Does Text Complexity Matter in the Elementary Grades? A Research Synthesis of Text Difficulty and Elementary Students’ Reading Fluency and Comprehension

Journal Article
Manuscript

Amendum, S.J., Conradi, K., & Hiebert, E.H. (in press). Does Text Complexity Matter in the Elementary Grades? A Research Synthesis of Text Difficulty and Elementary Students Reading Fluency and Comprehension. Educational Psychology Review.

Abstract
This is the accepted (not copy-edited) manuscript of an article forthcoming in Educational Psychology Review.  Quotations should be lifted only from the published version.

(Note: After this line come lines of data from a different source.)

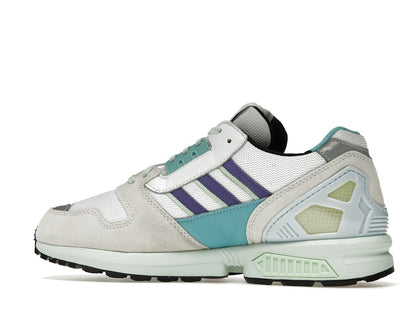 adidas ZX 8000 White Purple Aqua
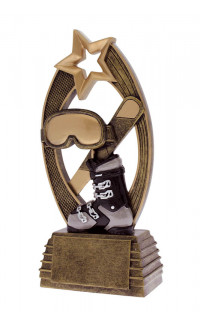 (image for) Velocity Skiing Trophy - 8"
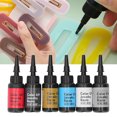 thumbnail image 4 of 6Pcs 10Ml Vivid Color  Resin, Epoxy Resin For DIY Jewelry Projects, Jewelry Making Resin Kits For Beginners, 4 of 8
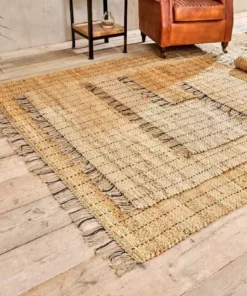 Nkuku Salem Hemp Rug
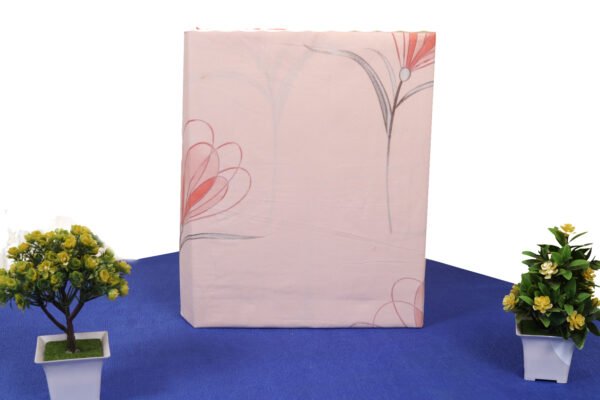 TW Exotics Pure Cotton King Printed Flat Bedsheet With 2 Pillow Cover - Image 8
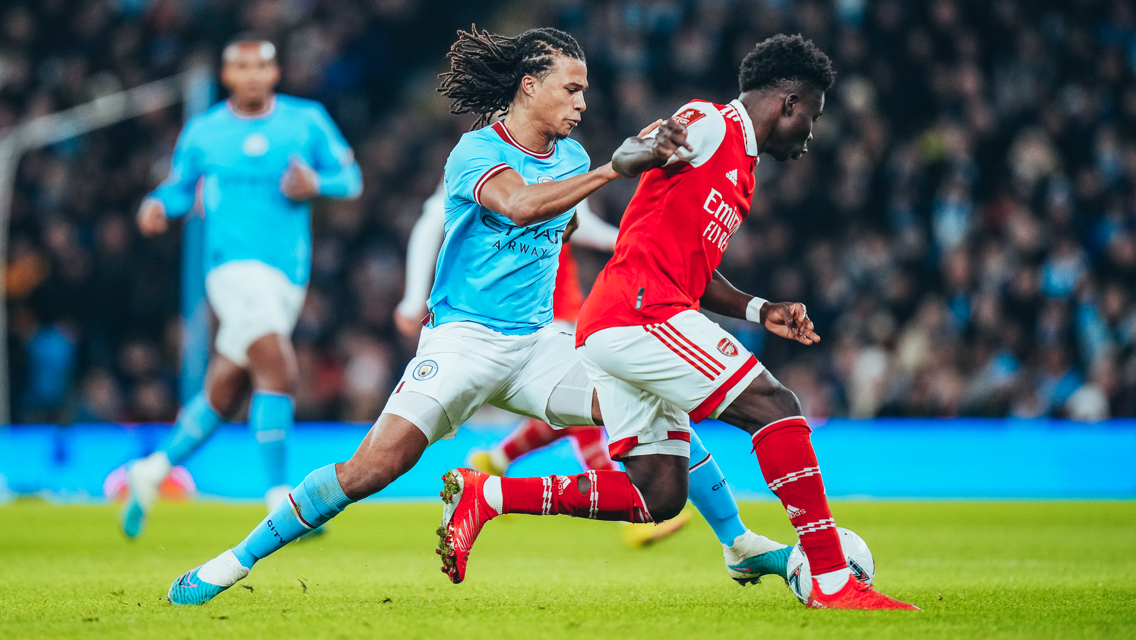 City 1-0 Arsenal: Stats of the match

Prompted by the advent of new standards for increased text complexity in elementary classrooms in the United States, the current integrative review investigates relationships between the level of text difficulty and elementary students’ reading fluency and reading comprehension. After application of content and methodological criteria, a total of 26 research studies were reviewed. Characteristics of the reviewed studies are reported including the different conceptualizations of text, reader, and task interactions. Regarding the relationships between text difficulty and reading fluency and comprehension, for students’ reading fluency, on average, increased text difficulty level was related to decreased reading fluency, with a small number of exceptions. For comprehension, on average, text difficulty level was negatively related to reading comprehension, although a few studies found no relationship. Text difficulty was widely conceptualized across studies and included characteristics particular to texts as well as relationships between readers and texts. Implications for theory, policy, curriculum, and instruction are discussed.